MPE-MA/Promotor de Justiça - Algumas teorias procuram definir a relação entre a tipicidade e ilicitude. Uma delas poderia ser resumida na frase: “A tipicidade é a ratio cognoscendi da ilicitude”. CORRETO

MPE-BA/ Promotor de Justiça - No tocante à relação entre a tipicidade e a ilicitude, a teoria da indiciariedade defende que a tipicidade não guarda qualquer relação com a ilicitude, devendo, inicialmente, ser comprovado o fato típico, para, posteriormente, ser demonstrada a ilicitude (...). ERRADO

Por isso, para que o estudo da ilicitude ganhe espaço é fundamental ater-se às causas que excepcionalmente promovem a exclusão da ilicitude do fato típico. Em síntese: se o fato típico indica a ilicitude como regra (presunção relativa), deve o investigador analisar, diante do caso concreto, eventual causa extraordinária que justifique a conduta, tornando-a lícita. Por essa razão parte da doutrina refere-se a essas situações como justificantes.

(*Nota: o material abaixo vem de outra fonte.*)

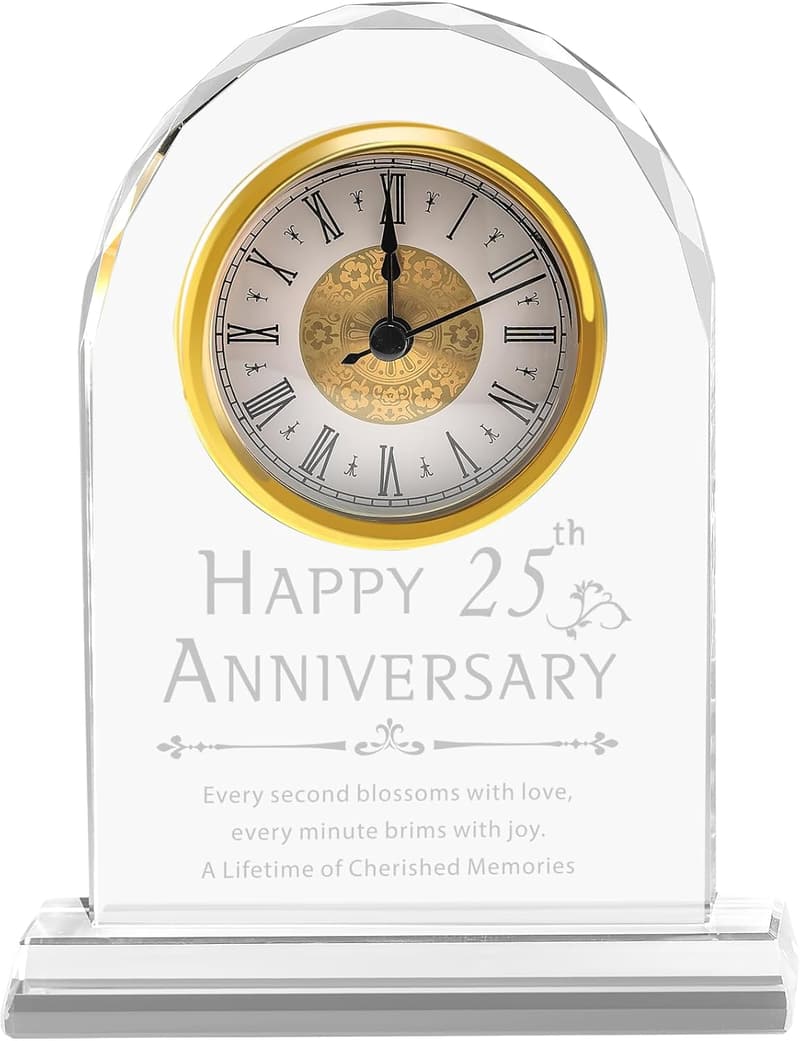 25th Anniversary Crystal Clock & Keepsake Gifts for Couples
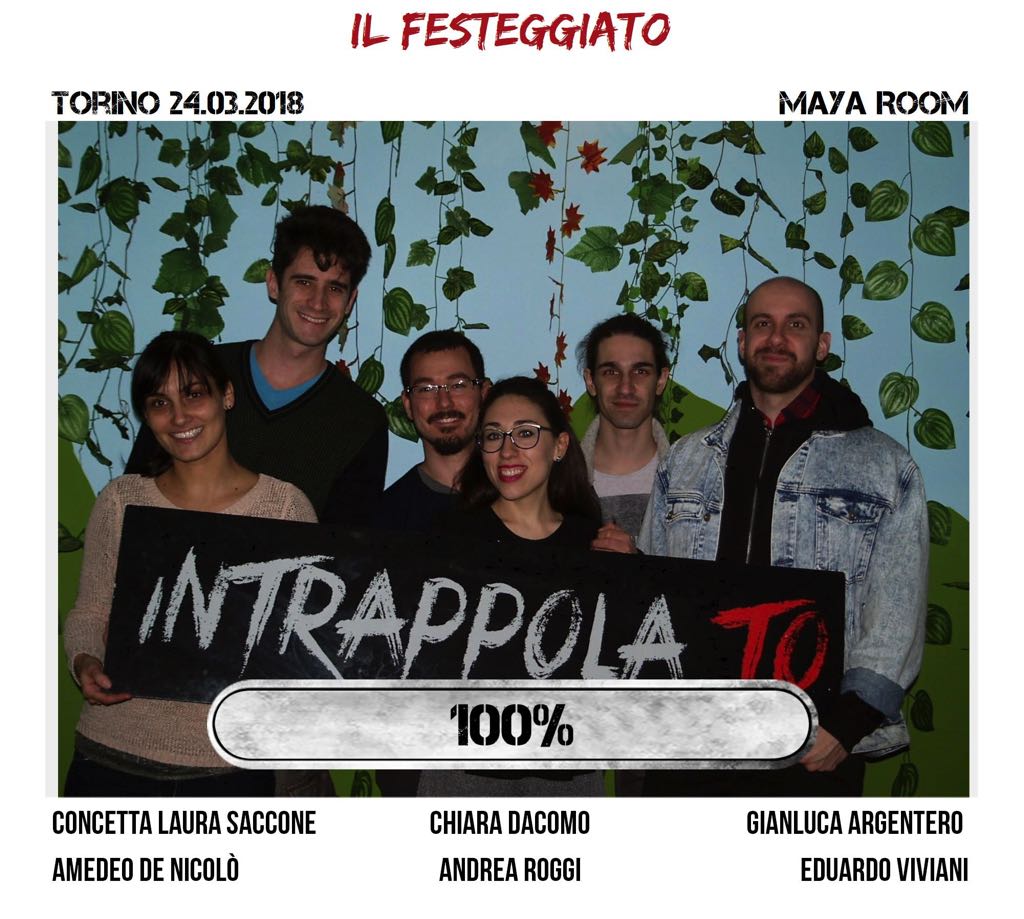 Il gruppo Il Festeggiato è fuggito dalla nostra escape room Maya Room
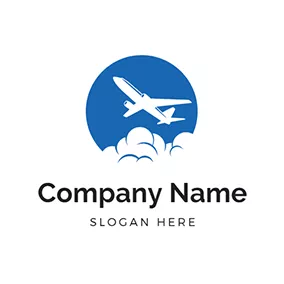 Airliner Logo Blue Sun and White Airplane logo design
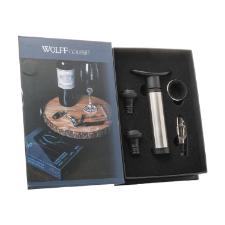 Jogo para vinho em a�o inox com caixa Wolff 5 pe�as.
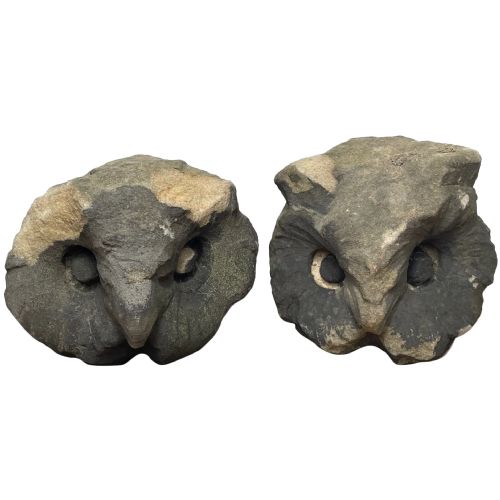pair 18th century carved primitive stone owl head corbel sculptures - CATEGORY: ANTIQUE MISCELLANEOUS - DATED 18TH CENTURY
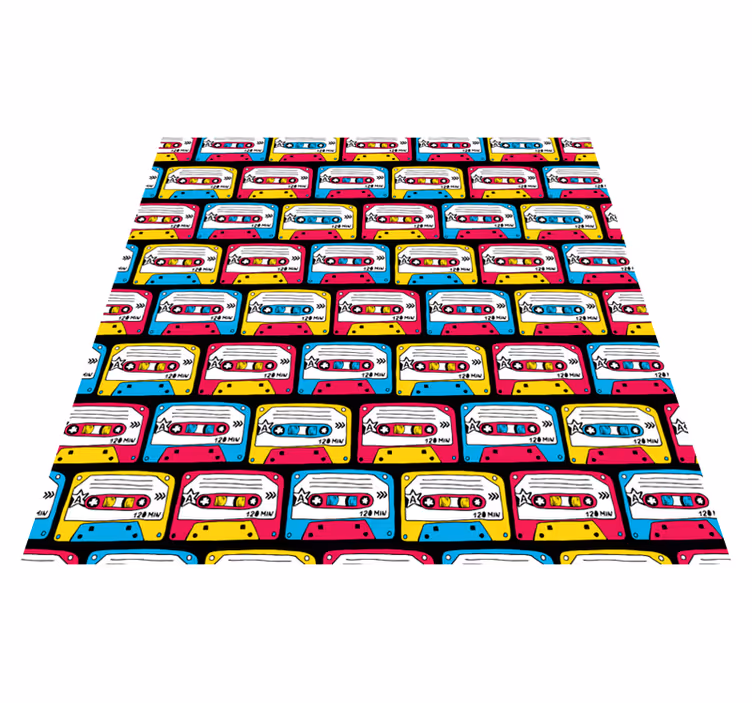 Dywan winylowy tekstura kasety audio retro - TenStickers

As causas excludentes da ilicitude (nomenclatura mais utilizada) podem ser encontradas na parte geral do Código Penal (causas gerais), assim como na Parte Especial (causas especiais) e até mesmo na legislação extraordinária (também tidas como especiais ou específicas). Há também as chamadas causas supralegais, não previstas de maneira expressa, mas deduzidas a partir do caso concreto.

São gerais o estado de necessidade, a legítima defesa, o estrito cumprimento do dever legal e o exercício regular do direito, todas elencadas no art. 23 do Código Penal. As especiais são encontradas no art. 128, que trata do aborto; no art. 142, referente à injúria e difamação; no crime de constrangimento ilegal (art. 146, §3º, I, do CP); na violação de domicílio (art. 150, §3º, I e II, do CP) e no furto de coisa comum (art. 156, §2º, do CP). As causas excludentes fora do Código Penal estão na Lei 6.538/78 (art. 10), no art. 1.210, §1º, do Código Civil, e na Lei 9.605 (art. 37, I).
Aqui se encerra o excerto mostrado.